Muchos piensan hoy que el verdadero creyente irá siempre de victoria en victoria y que si algo malo pasa en su vida se debe a que le ha faltado fe. Tengamos cuidado con esta visión triunfalista y falsa de la vida cristiana, ya que mientras vivamos en este mundo bajo el pecado enfrentaremos esta lucha: tendremos días malos por delante, pero debemos permanecer firmes en ellos, fortalecidos en el poder de Dios. Solo así es como podemos vencer.

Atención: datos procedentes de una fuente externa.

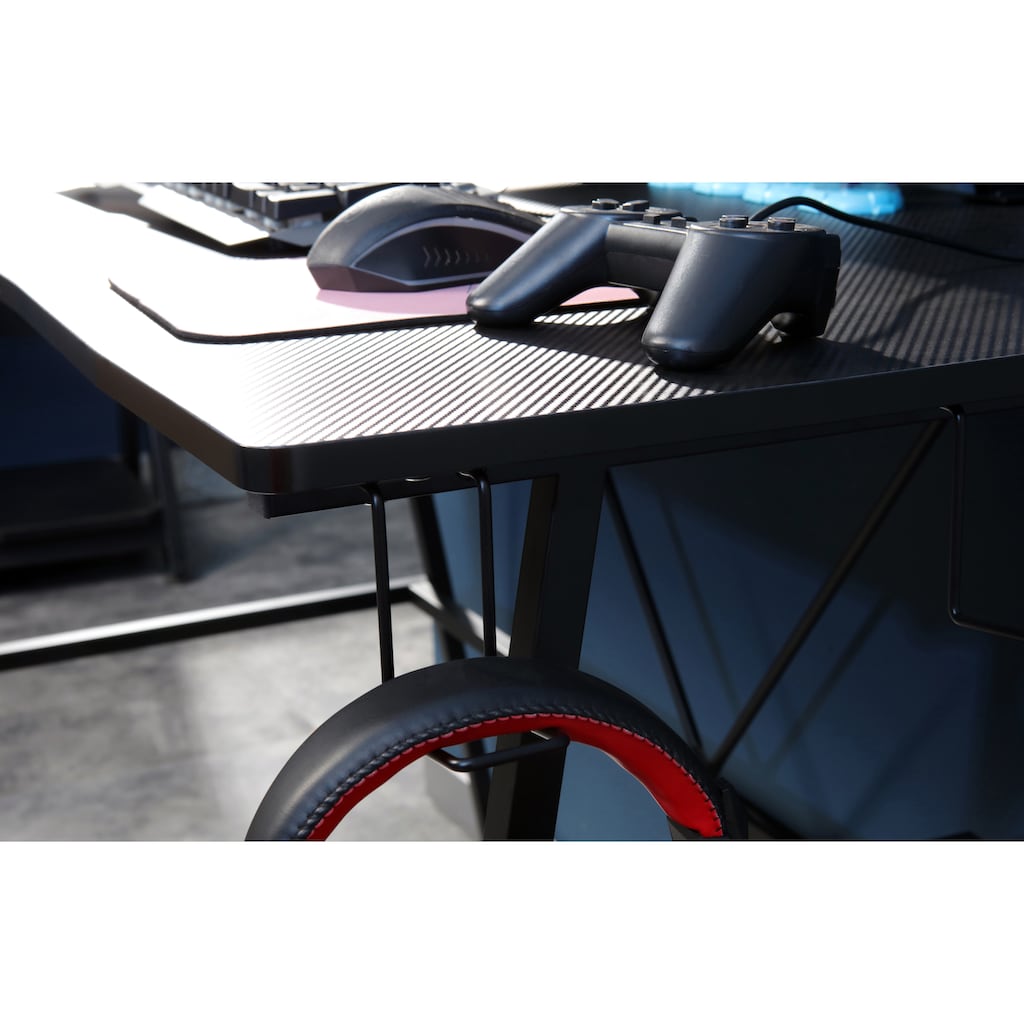 INOSIGN Gamingtisch »STREAKY, Schreibtisch, Computertisch, Kabeldurchlass, 2 Kopfhörerhaken«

No debemos pensar aquí en una resistencia pasiva, como si ante el ataque del diablo sólo pudiéramos aguantar en los muros de una fortaleza. El término implica avanzar y mantener lo ganado. Dios nos manda a la ofensiva, nos hace partícipes de su reconquista de aquello que el diablo usurpó. Es así como el Apóstol consideraba sus viajes misioneros, y así también debemos ver nosotros la evangelización.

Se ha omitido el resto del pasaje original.